The electricity generating projects are likely to saddle the Pakistani government with a massive fiscal burden but the real cost of CPEC is likely to be felt in the changing civil-military balance.
General Raheel Sharif drives Prime Minister Nawaz Sharif on the newly constructed patch of CPEC in Gwadar. Credit: ISPR/The Herald
It has been a year since the China Pakistan Economic Corridor (CPEC) was launched on a wave of Pakistani euphoria. It was called a game-changer, so Pakistan has played the new game for a year now, and though the rest of the world – and Pakistanis outside government – have no clue what the rules are, it is becoming clear that if ever there was what cricketers call a corridor of uncertainty, this is one. Nawaz Sharif, a batsman in his prime, knows that the best you can hope for in that corridor is the fortuitous reward of a Chinese cut.
Though there are fears in Lutyens’ Delhi that the corridor will be a strategic nightmare for India, there is a greater chance of it becoming an incubus for Pakistan. $34.4 billion of the $46 billion announced are for power projects, of which the government designated 16 as early-harvest, the yield presumably its re-election in 2018. These will add 10,400 MW of generating capacity to the grid, which the government claimed would resolve Pakistan’s critical shortage of power, now as much a political as an economic problem.
Numbers that don’t add up
This is misleading, for several reasons. Firstly, Pakistan’s power crisis does not flow from a shortage of generating capacity. Installed capacity is 22,800 MW, more than enough for the current demand of 19000 MW. Many thermal plants were idle because of a shortage of feedstock, but in February this year, Pakistan signed an agreement with Qatar, at unit costs 20% less than it paid in 2013, to import 3.75 million tonnes of LNG each year for them, and for the six plants being built in Punjab, which will add 3600 MW to installed capacity.
Secondly, work is also reported to be under way on several hydropower projects, all with international partners, some of them Chinese, which dwarf those of CPEC in scope. Just seven of them – Diamer-Bhasha and Bonji in Gilgit-Baltistan, Neelam-Jhelum, Azad Pattan and Mehl in POK, and Tarbela IV and V and Dasu in Khyber-Pakhtunkhwa – will add another 21,129 MW to the grid. That is more than double the early-harvest projects.
Thirdly, the real problem with Pakistan’s power generation and distribution companies is a crisis of circular debt, which increasing production will not solve, but which the CPEC agreement announced in February 2016 will exacerbate. The government has approved the establishment of revolving funds, equal to 22% of monthly invoicing, “backed by sovereign guarantees to ensure uninterrupted payments to Chinese sponsors of CPEC energy projects”. If the purchaser fails to replenish the account, the ministry of finance will. Since distribution companies will default, because tariffs are low, and even those are not paid, the government will pay, up front, at least 22% of the bills of the Chinese companies.

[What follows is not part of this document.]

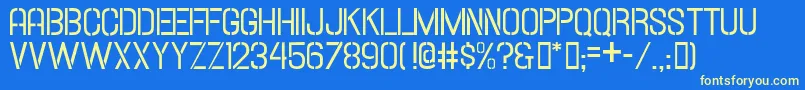 Hallandalestencil-Schriftart – Gelbe Schriften auf blauem Hintergrund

Other sponsors, and their Pakistani partners, hardly likely to run plants at a loss, will lobby for the same treatment, which the government cannot concede, because even the guarantee to the Chinese will be a huge drain on the budget. They will then let their plants go idle, which will return Pakistan to a power crisis, even if the CPEC plants run well, or approach the courts for injunctions against a government decision that patently discriminates between companies engaged in the same line of business.
How large is the liability the government has taken on? Suki-Kinari, which will generate 870 MW of hydropower in the corridor, has announced that it will add 3050 gigawatt/hours to the grid at a tariff of 8.84 cents/kwh. This translates to invoices of $270 million annually, of which the government of Pakistan has now guaranteed $59 million. If all other projects have similar outputs and tariffs, the early-harvest projects will entail the government paying at least $700 million each year as guaranteed fees to the Chinese sponsors, assuming that local companies will be forced to default. In the parlous state of Pakistan’s finances, that is not sustainable. (And if the courts rule that the favour must be extended to all others, it will become even more so.)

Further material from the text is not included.